Political candidates of all persuasions should rest assured that to oppose the recognition of human rights before birth is not to deny the value of potential life as matter of religious belief, emotional conviction or personal experience. Rather, it is to recognize the value of the women who give that life.

To oppose a woman's right to choose, in whole or in part, is to oppose a woman's human right to be a full and participatory member of society. It is to forcibly turn her into a conduit for a portion of her life rather than the complete person she is. Audio Girl keeps talking to me about how she worries that sexism is both more pervasive and more accepted in our society than any other prejudice and I had been reluctant to agree with her until I read Ms. Paltrow's words.

Choice overall is not a black and white issue. You can tell me, "But what if Mother Theresa had been aborted?" and I can reply, "Well, what if the Columbine killers had?" You can believe that the potential for a person deserves a certain respect and I will too, though the sort of respect we seek may differ. All of your arguments are perfectly valid and useful when discussing your opposition to abortion within the full range of choices with an individual.

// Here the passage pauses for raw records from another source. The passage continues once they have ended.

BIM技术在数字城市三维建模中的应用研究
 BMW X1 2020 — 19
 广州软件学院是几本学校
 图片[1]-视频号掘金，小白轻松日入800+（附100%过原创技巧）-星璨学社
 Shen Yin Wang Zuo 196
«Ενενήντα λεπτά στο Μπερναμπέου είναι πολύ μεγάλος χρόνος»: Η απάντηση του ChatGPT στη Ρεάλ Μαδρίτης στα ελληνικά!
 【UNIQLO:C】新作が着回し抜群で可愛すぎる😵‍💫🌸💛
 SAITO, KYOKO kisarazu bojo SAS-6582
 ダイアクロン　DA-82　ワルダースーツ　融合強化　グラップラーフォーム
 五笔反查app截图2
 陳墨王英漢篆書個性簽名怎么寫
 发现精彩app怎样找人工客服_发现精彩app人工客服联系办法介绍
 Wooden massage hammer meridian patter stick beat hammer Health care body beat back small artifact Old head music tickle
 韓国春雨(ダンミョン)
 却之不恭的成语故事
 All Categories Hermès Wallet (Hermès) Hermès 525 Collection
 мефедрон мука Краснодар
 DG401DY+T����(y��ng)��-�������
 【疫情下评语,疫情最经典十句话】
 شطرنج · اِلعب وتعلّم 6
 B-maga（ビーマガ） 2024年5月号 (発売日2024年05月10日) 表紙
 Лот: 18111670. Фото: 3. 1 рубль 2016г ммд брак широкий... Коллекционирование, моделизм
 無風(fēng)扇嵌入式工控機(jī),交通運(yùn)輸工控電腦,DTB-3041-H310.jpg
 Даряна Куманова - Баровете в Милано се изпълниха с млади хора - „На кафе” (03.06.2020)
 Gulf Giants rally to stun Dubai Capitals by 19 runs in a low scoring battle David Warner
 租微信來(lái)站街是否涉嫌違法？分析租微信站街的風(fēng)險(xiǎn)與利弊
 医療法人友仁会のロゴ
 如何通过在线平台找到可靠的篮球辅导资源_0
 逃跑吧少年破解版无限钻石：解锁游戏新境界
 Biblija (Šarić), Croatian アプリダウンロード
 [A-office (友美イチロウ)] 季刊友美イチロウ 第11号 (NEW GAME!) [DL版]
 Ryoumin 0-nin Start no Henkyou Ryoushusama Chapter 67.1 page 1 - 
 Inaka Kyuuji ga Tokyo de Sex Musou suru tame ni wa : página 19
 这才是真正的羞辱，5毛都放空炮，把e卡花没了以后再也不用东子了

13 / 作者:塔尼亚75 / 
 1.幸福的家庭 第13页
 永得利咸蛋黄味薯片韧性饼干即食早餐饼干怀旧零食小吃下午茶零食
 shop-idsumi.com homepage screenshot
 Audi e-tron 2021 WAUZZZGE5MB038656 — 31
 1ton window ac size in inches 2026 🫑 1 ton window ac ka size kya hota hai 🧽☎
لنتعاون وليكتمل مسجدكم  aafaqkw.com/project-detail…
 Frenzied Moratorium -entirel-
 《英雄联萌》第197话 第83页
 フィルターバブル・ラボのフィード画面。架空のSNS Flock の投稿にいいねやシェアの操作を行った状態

However, when you legislate your beliefs onto my body you, with prejudice and disrespect, remove my right as a fully functioning human being to make the choice for myself.

So, as it turns out, abortion and its full spectrum of choices and responsibilities are right at the very top of the list of issues upon which I vote because if you do not respect my value as that fully functioning member of society then I will be barred from complete participation in the solution process of all these other issues. I will simply be a vessel, too stupid, too untrustworthy to make decisions about things as close as my own heart and therefore unworthy to make decisions about things larger than that and that is a level of disrespect I cannot abide. Ms. Paltrow didn't put this belief on me, she said something that allowed me to find it where it lay waiting to be discovered in myself and that is one of the many things for which I will be grateful to this election. I have already started to make this change of which we speak and while it has been hard it is equally good.

13 comments:

  1. I couldn't agree with you more. This is such a hot button issue for me, and I am inflexible on it.

    Last night, as I was watching another round of pundits dissect the campaigns, someone said something about Obama being the most permissive you can be in terms of being pro-choice and how that was somehow scary. And I screamed, "And that's a GOOD thing." Because to me, it is. It really, really is.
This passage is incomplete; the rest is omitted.